Pages and page tables

For ease of management of memory, e.g. access rights, physical memory is divided into `page frames`. These are contiguous cells of RAM, usually 4KB in size. Corresponding to each physical page frame there is a `page` of virtual addresses. For instance virtual addresses 0x20300000 – 0x20301000 represent a page which corresponds to 4096 physical addresses each of which points to a cell (one byte) in RAM. A page as well as a page frame represent contiguous addresses, so inside a page, the virtual-to-physical mapping is one-to-one. Page is basic unit of memory management in Linux. A key function of paging unit is to check type of access to a virtual address (read or write) against access rights of the page to which that virtual address belongs. When access right is violated, paging unit generates a Page Fault.

Page table is an array in RAM which maps virtual address to physical address. Each user process has its own page table and when a context switch happens, the page tables are changed as part of it. Each entry inside page table points to a page frame inside RAM. So a 32-bit virtual address has two parts: page table index (20 most significant bits) and page offset (12 bits because page size is 4096). Using page tabele index, we will get page frame. Inside page frame we use page offset to get the exact memory cell, the byte that the virtual address points to.

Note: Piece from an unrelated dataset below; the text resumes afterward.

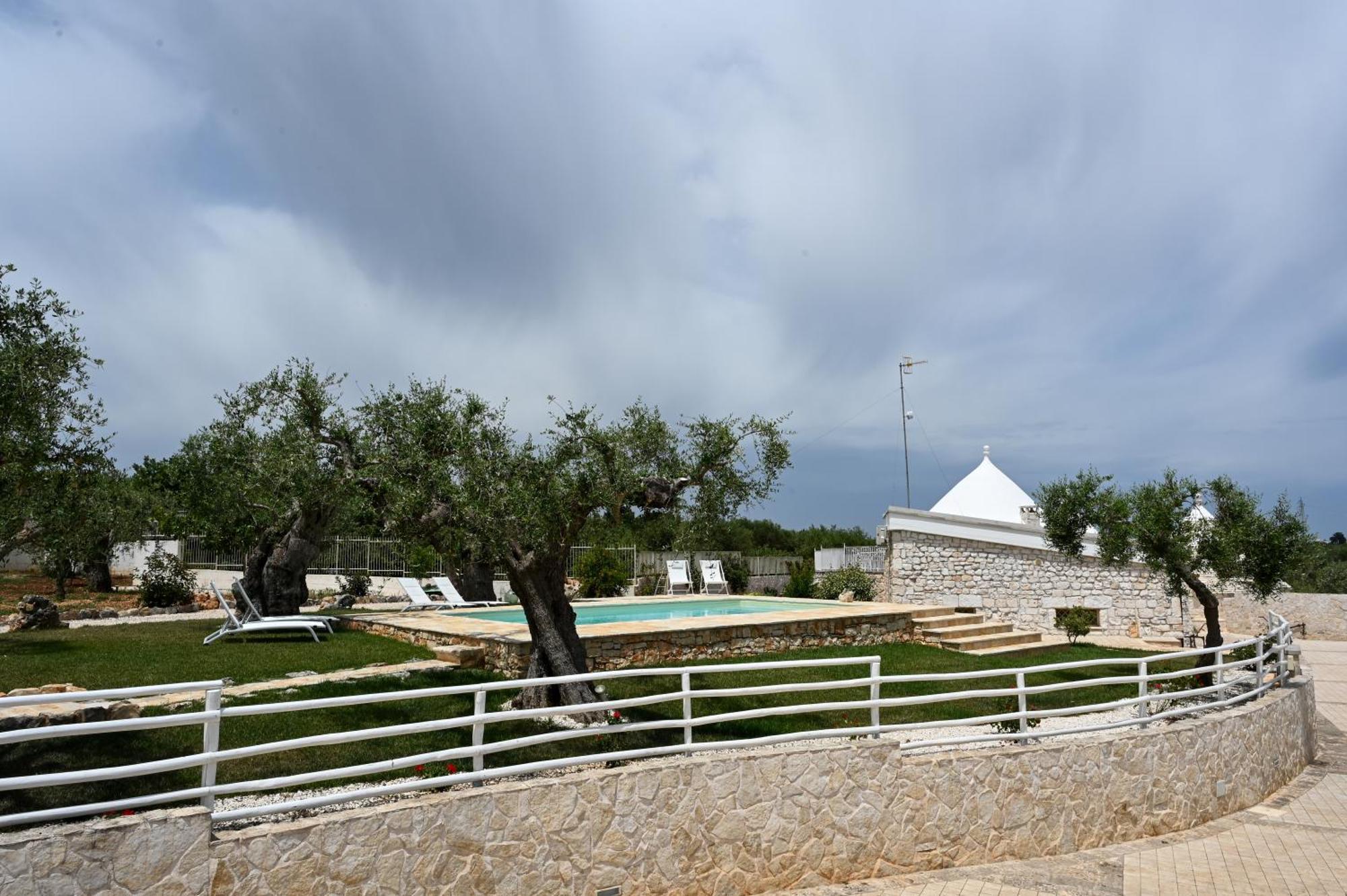 Trulli Lisanna - Apulian Hideaway With Pool Apartman Antonelli Kültér fotó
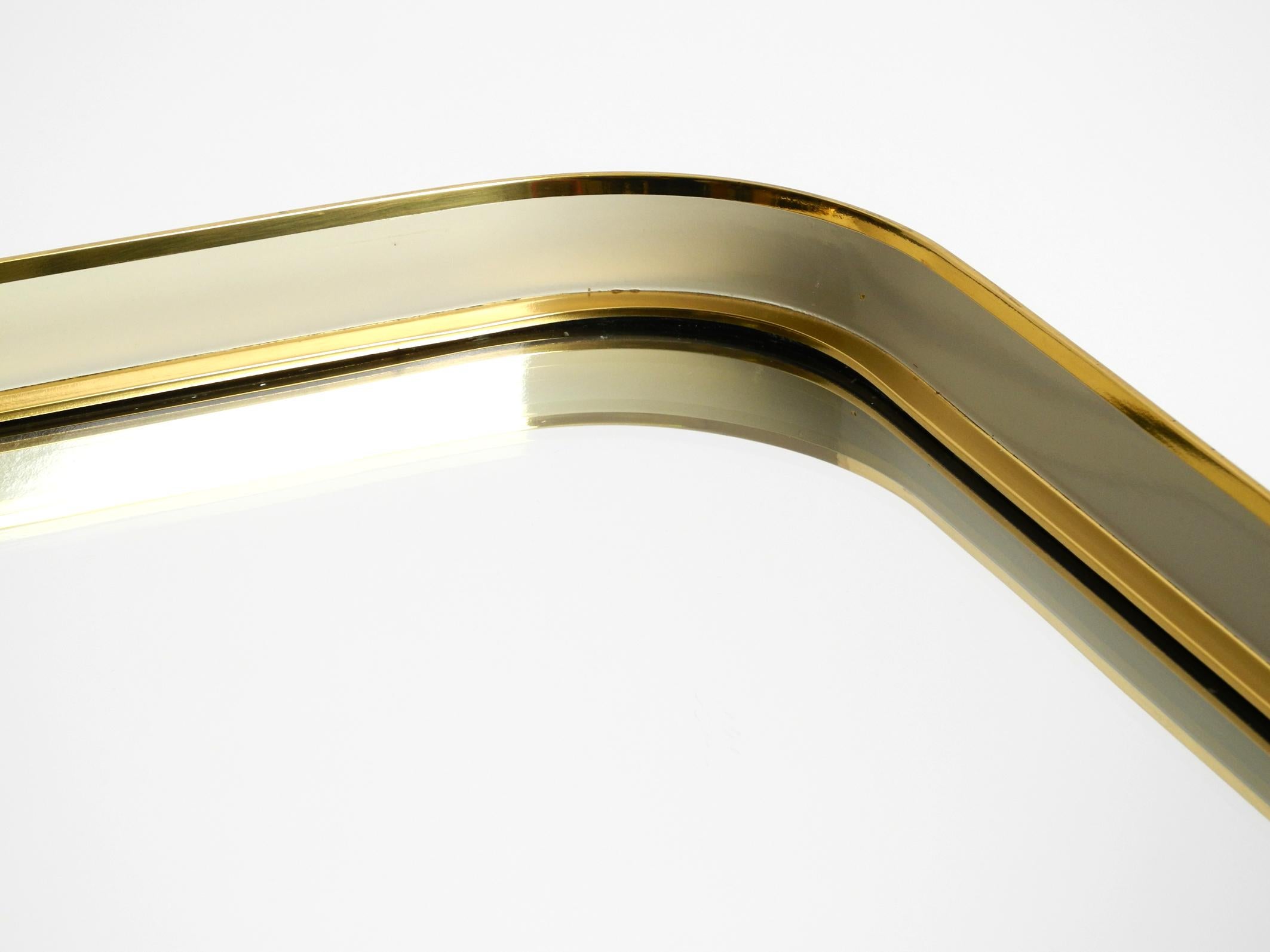 Metà XX secolo Specchio da parete del Mid Century Modern con cornice in ottone pesante di Münchener Zierspiegel in vendita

A naive way of organising page table would be to have one page table whose indices are 20 most significant bits of virtual address and whose values contain (among other things) physical address of page frame. That would be wasteful. If each entry is 4 bytes, a page table would require (2^20 * 4) bytes = 4MB of RAM. That is for each process. x86 instead breaks single page table into two: Page Directory and Page Table. Virtual address is also divided into three parts: index inside Page Directory, to get Page Table entry, index inside Page Table entry to get page frame address, and then the same 12-bit page offset to find the cell inside page frame. This way, each process will have to have a Page Directory but there is no need to allocate all Page Tables upfront. Instead Page Tables can be set up when they are needed.

Management of Pages

Physical address of Page Directory is stored in a special register and that registered is updated when there is a context switch. Entries in Page Directory and Page Table have same format. Along with address of corresponding page frames (or Page Table in case of Page Directory’s entry), it stores privilege level needed to access that page. The privilege level is a single byte so has two possible values. It depends upon CPU Privilege Level (CPL) – a two byte value on x86 which represents four levels. In page table entry, it only checks whether a page requires supervisor mode (CPL = 0) or not (CPL = 1, 2 or 3).

Page table entry also contains access type allowed: read and write. In contrast, access rights for segments are three: read, write and execute. So a page which is read only cannot be written to.

What about Linux?

As you might have noticed, this post hasn’t really lived up to its title and only talks about paging in x86. Time and other conditions permitting, we will discuss paging in Linux in a follow-up article.